**Task prompt**
What you write should be an exact repeat of the lines from the one with "蓝山县成功救助一只国家二级重点保护动物领角鸮" through the final line below, minus the pictures.

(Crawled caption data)
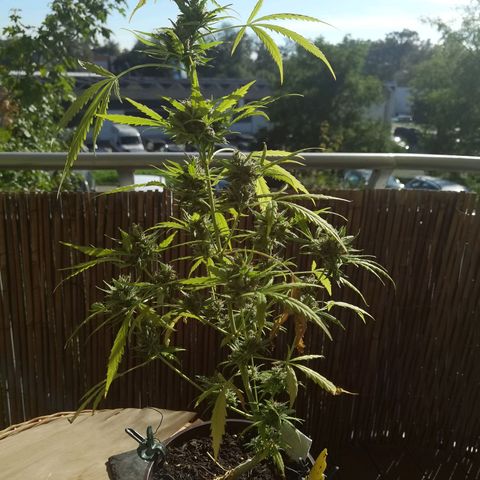 Royal runtz 3l growlog timeline photo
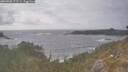 ./images/calvert/foggy-cove/20260506/foggy-cove20260506_172501M.jpg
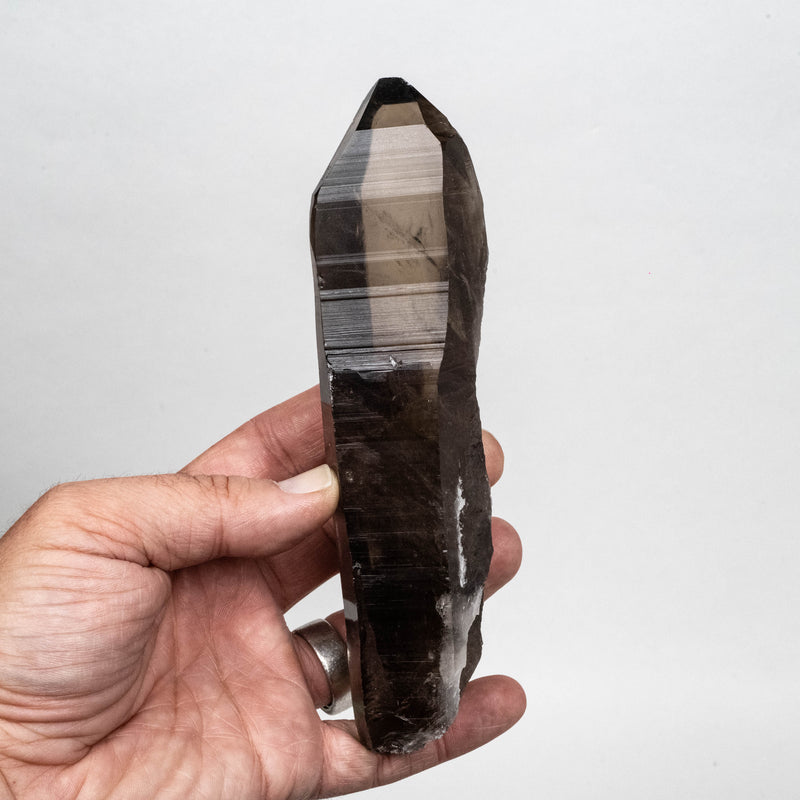 Smoky Lemurian Seed Quartz Crystal 338 g 168x42mm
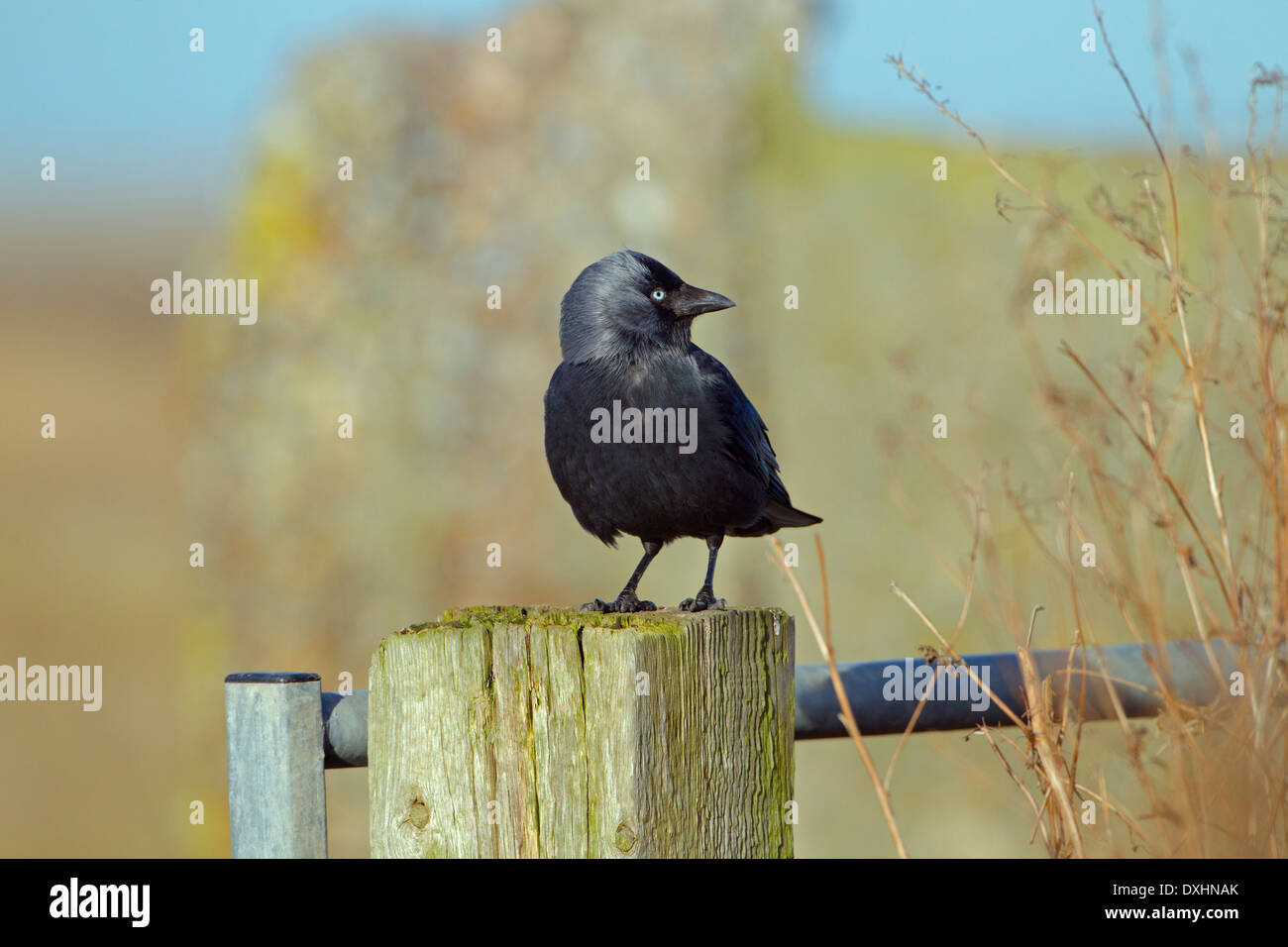 Dohle Corvus Monedula Winter Portrait Stockfoto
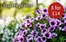 Notcutts Garden Centre catalogue | Starter Plants | 2026-02-19T00:00:00.000Z - 2026-02-28T00:00:00.000Z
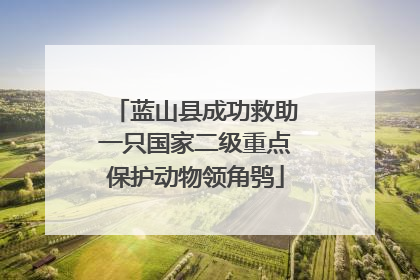 蓝山县成功救助一只国家二级重点保护动物领角鸮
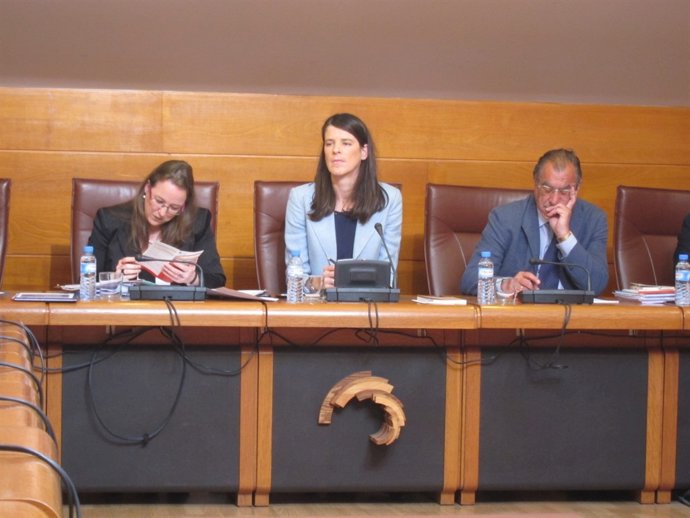 Comisión Presidencia y Justicia 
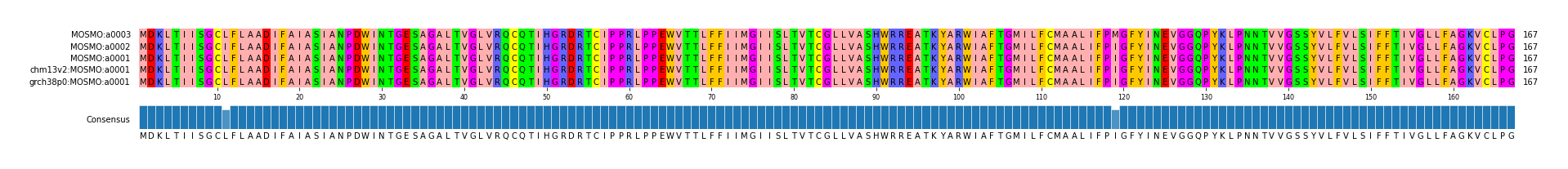 Multiple Alignments (by translate haplotype similarity)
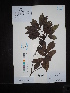 ( - Ge02646)  @11 [ ] CreativeCommons  Attribution Non-Commercial Share-Alike  Unspecified Herbarium of South China Botanical Garden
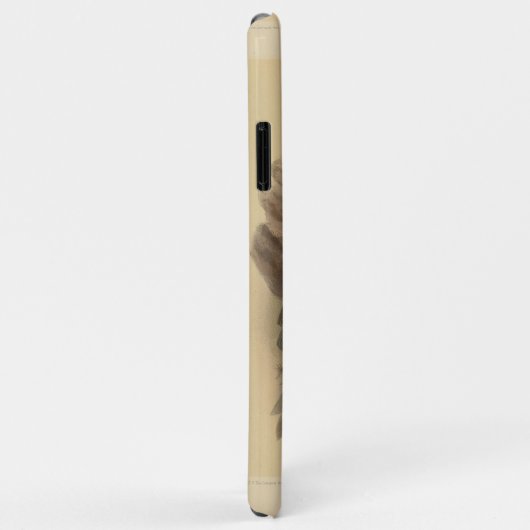illustratie van Nuthatch Case-Mate iPhone Case (Achterkant/rechts)
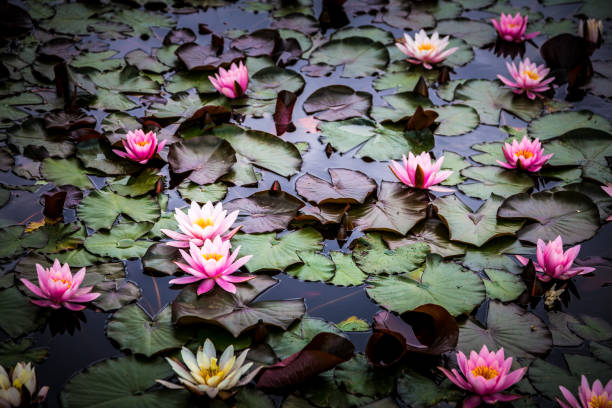 istock Water lilies and lily pads floating on the pond 983322066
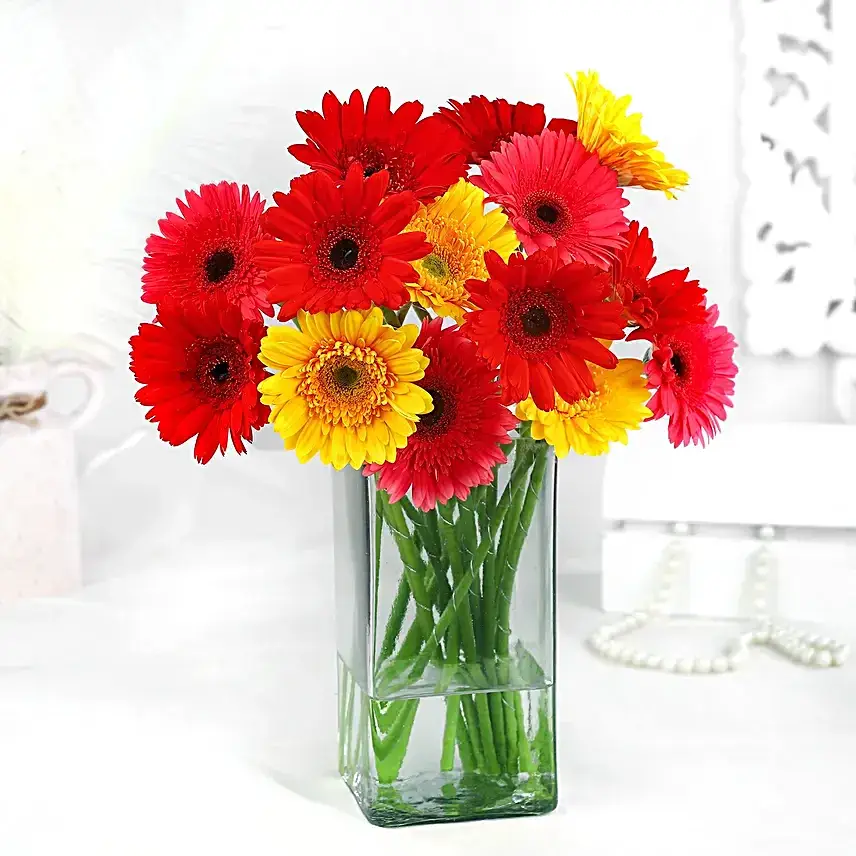 Elegant Gerberas Flower In Glass Vase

**Final answer**
 蓝山县成功救助一只国家二级重点保护动物领角鸮
 Comisión Presidencia y Justicia 
 Multiple Alignments (by translate haplotype similarity)
 ( - Ge02646)  @11 [ ] CreativeCommons  Attribution Non-Commercial Share-Alike  Unspecified Herbarium of South China Botanical Garden
illustratie van Nuthatch Case-Mate iPhone Case (Achterkant/rechts)
 istock Water lilies and lily pads floating on the pond 983322066
 Elegant Gerberas Flower In Glass Vase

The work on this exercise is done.